■ About this task ■
From the listing that follows, reproduce only the lines from the one holding "Antena de radioaficionado" through the one holding "Baby Play Mats", both included, with no pictures.

══ Exercise inputs

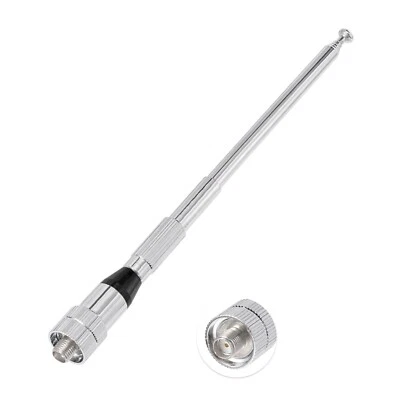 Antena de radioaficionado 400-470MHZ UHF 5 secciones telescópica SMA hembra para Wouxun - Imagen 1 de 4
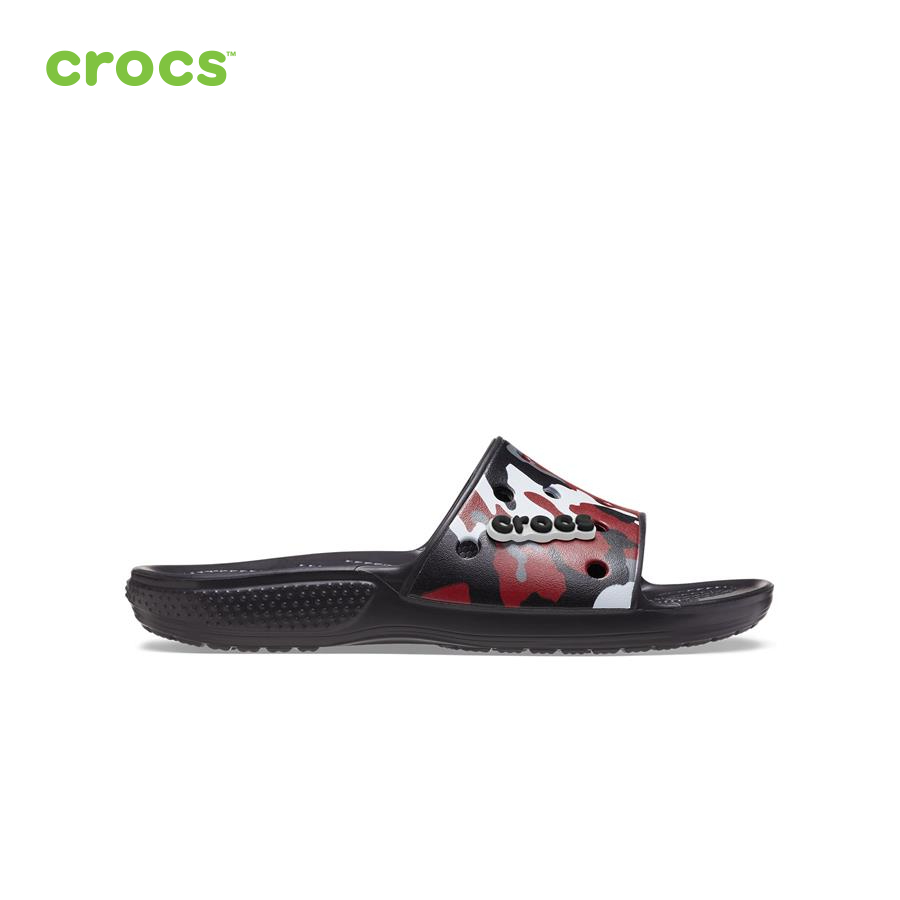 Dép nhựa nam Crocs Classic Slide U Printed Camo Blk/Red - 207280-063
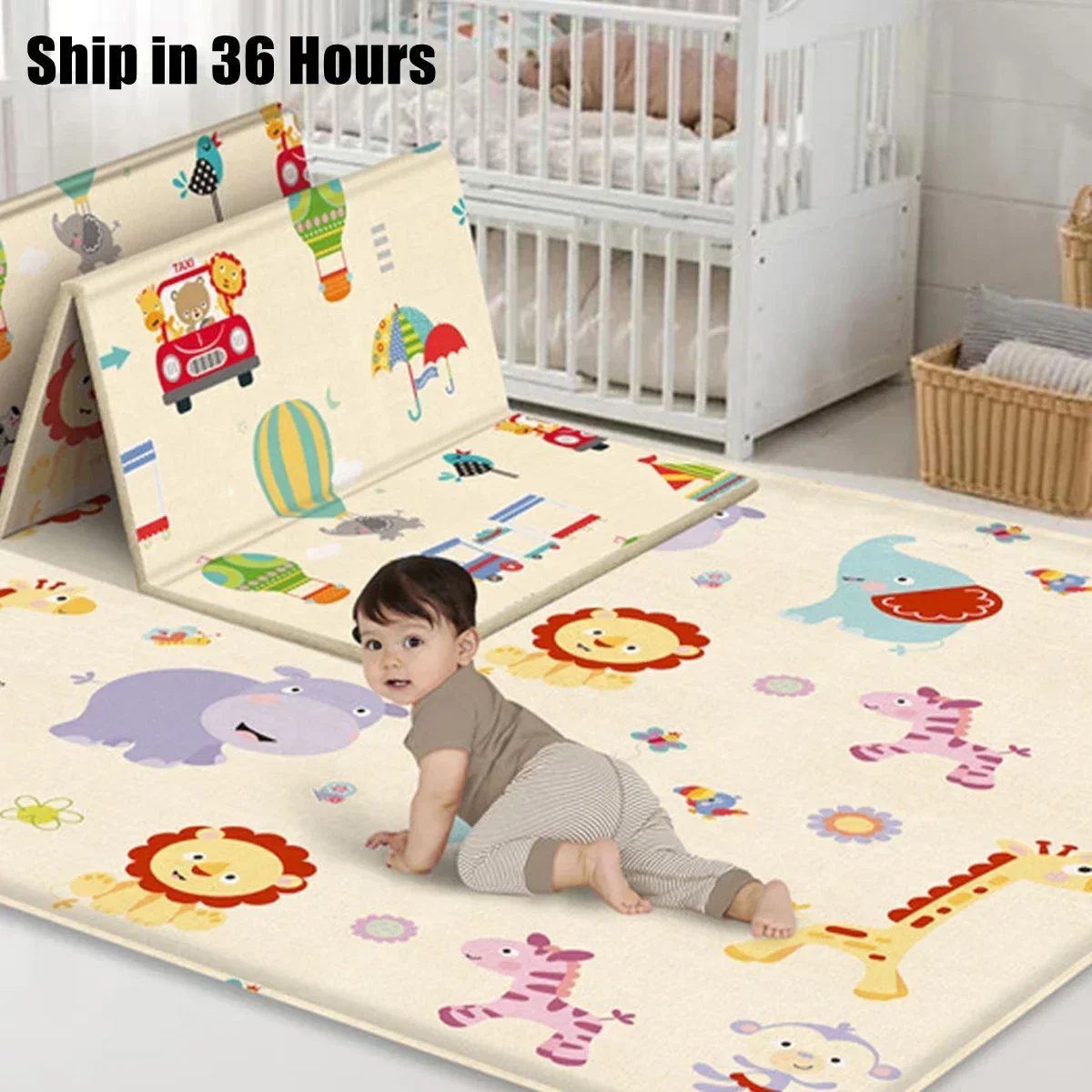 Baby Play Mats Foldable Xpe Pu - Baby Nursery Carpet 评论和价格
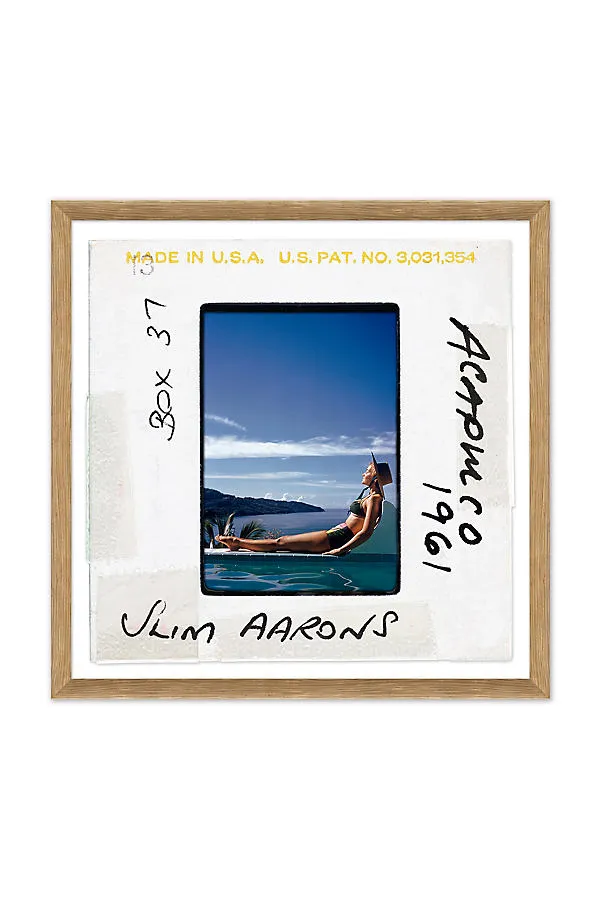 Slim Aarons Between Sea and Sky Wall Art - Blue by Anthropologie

════
══ Exercise inputs

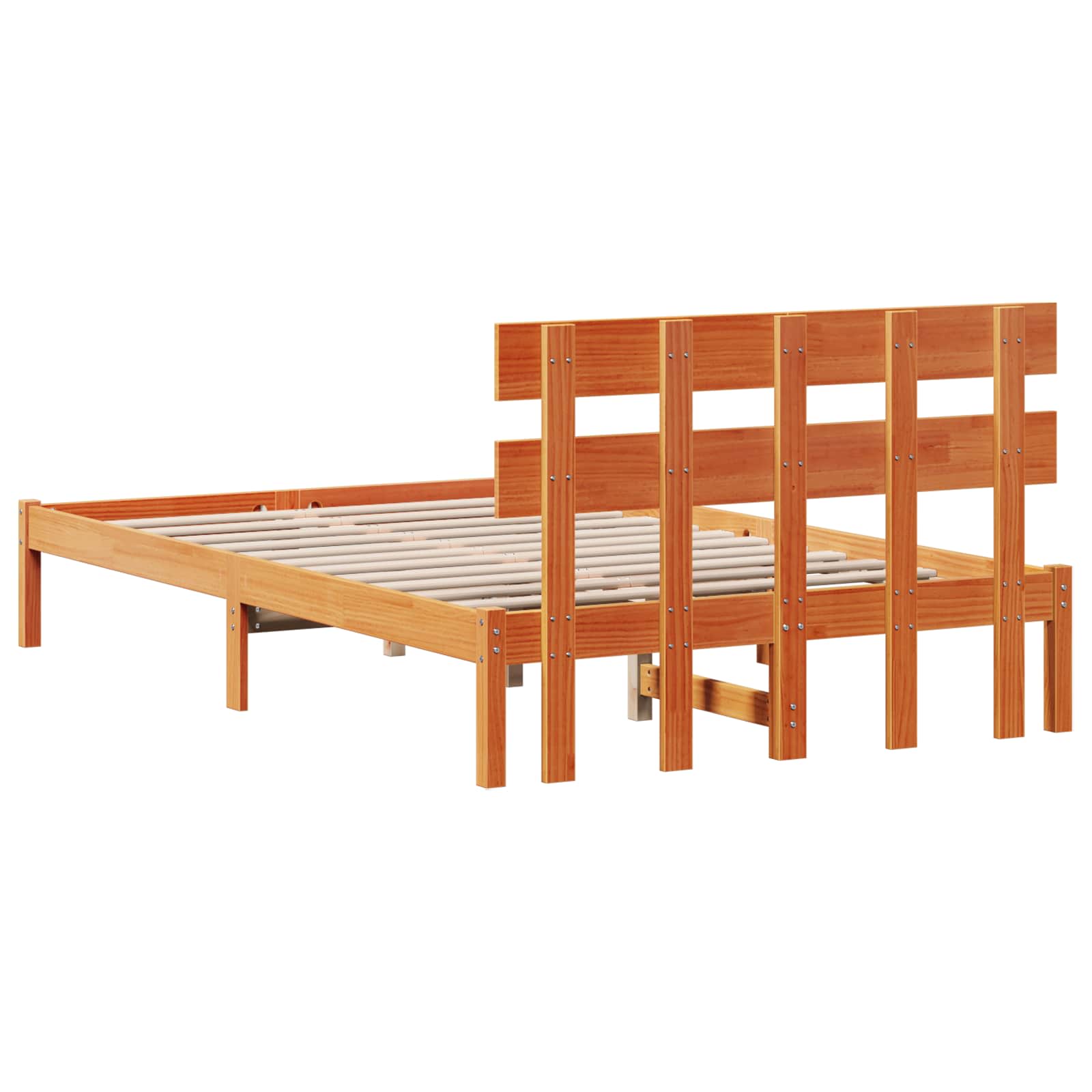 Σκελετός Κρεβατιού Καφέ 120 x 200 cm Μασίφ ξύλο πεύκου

════
══ Exercise inputs

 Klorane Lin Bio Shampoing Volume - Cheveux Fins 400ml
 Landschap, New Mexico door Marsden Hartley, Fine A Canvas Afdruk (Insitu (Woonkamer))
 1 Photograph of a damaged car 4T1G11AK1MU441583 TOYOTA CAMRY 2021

════

■ Reply to the task ■
 Antena de radioaficionado 400-470MHZ UHF 5 secciones telescópica SMA hembra para Wouxun - Imagen 1 de 4
 Dép nhựa nam Crocs Classic Slide U Printed Camo Blk/Red - 207280-063
 Baby Play Mats Foldable Xpe Pu - Baby Nursery Carpet 评论和价格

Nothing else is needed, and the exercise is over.